Patients with advanced NSCLC and acquired resistance (AR) to PD-1 axis inhibitor therapy were enrolled to an IRB approved repeat biopsy protocol allowing collection of clinical data, archived and fresh tumor tissue, and blood for analysis. Molecular analyses including whole exome sequencing of pre- and post-treatment tumor specimens were performed.

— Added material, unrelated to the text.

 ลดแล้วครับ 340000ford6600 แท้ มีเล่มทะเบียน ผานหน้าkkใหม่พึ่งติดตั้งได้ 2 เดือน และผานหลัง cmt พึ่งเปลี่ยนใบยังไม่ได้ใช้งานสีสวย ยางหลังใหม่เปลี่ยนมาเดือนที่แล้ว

Twelve cases were available for analysis (table 1). Eight and two patients developed resistance limited to lymph nodes (LNs) and adrenal gland respectively. The two remaining patients experienced tumor progression in LNs with other sites of tumor growth (one in liver, one in lung). Nine patients had sufficient archived pre- PD-1 axis inhibitor tumor tissue for analysis/ comparison, leaving three unpaired cases. Genomic analysis of tumor specimens identified two patients with acquired tumor beta-2-microglobulin (B2M) defects at resistance. A patient derived xenograft generated from one of the resistance samples (patient #6) lacked production of B2M protein and did not express surface MHC-1. Additional analyses including immunophenotyping with multiplexed quantitative immunofluorescence on these and other patient samples are ongoing. Figure 1
Lymph nodes may be a particularly susceptible area to AR to PD-1 axis inhibitors. Defects in B2M leading to loss of tumor MHC-1 presentation may represent a unique mechanism of AR to immune checkpoint inhibitors. Further studies to determine the frequency of defects in antigen presentation machinery in tumors with resistance to PD1 axis inhibitors are warranted.